Energy needs will require innovative technology

A use of nuclear fission combined with the extraction of crude oil from sources such as heavy oil and tar sands will be required to meet the growing world energy needs, according to the keynote speaker at the NAPE exposition held in Houston last week.

A use of nuclear fission combined with the extraction of crude oil from sources such as heavy oil and tar sands will be required to meet the growing world energy needs, according to the keynote speaker at the NAPE exposition held in Houston last week.

The world's present energy use of 12.5 terawatts (tw) will have to expand to over 60 tw to meet the demand of 6.3 billion people worldwide who currently do not enjoy the same level of energy availability as the 1.1 billion of the world's population in developed nations, said Gavin Longmuir, consulting petroleum engineer. Meeting that demand will require innovative ways of finding and recovering energy sources, he said.

The problem with alternative energy sources is the relative paucity of energy amplification that they bring when compared to oil. For every unit of energy invested in extraction, oil provides 15 units of energy output. Wind power can only provide a three-fold amplification of the energy inputs used to build wind turbines and get them placed. Other renewable energy processes are even less effective.
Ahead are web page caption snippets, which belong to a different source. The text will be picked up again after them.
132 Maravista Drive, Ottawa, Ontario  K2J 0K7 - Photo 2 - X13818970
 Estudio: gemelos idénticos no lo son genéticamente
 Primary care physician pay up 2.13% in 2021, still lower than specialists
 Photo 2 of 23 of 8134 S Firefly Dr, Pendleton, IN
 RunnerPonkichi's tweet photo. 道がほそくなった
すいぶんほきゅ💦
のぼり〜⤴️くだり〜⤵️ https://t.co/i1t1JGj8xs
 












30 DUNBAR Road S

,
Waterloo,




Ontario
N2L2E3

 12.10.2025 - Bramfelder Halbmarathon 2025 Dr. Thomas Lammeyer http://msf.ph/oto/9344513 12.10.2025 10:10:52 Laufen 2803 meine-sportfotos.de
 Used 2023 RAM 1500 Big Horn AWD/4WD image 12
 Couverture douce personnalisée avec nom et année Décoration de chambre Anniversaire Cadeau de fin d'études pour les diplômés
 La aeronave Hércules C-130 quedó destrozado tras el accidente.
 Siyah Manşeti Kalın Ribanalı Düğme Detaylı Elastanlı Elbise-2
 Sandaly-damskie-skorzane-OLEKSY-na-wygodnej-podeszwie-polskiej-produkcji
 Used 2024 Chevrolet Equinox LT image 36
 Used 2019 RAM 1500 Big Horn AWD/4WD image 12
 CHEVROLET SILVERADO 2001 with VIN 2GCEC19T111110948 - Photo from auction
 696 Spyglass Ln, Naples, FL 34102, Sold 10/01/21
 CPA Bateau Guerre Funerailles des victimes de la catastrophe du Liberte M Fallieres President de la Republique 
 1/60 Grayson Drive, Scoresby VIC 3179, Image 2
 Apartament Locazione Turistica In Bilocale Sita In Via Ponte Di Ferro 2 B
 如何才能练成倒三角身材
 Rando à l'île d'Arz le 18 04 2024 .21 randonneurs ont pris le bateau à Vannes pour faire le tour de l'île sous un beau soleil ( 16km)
Longmuir says the solution is to pair nuclear fission with extraction of crude from plentiful oil and tar sands. This combination approach is necessary because of the decline of existing fields and the limited number of giant oil fields being discovered to replace depleting reserves, he said.

His solution requires an exercise of political will that may be lacking in the developed world, he said. However, the developing world, especially China and India, will have no qualms about using nuclear power to drive their economies, Longmuir said.

It is time for the developed world to consider using our existing energy sources in new ways to meet the growing demand and bridge the future to new energy sources, he said.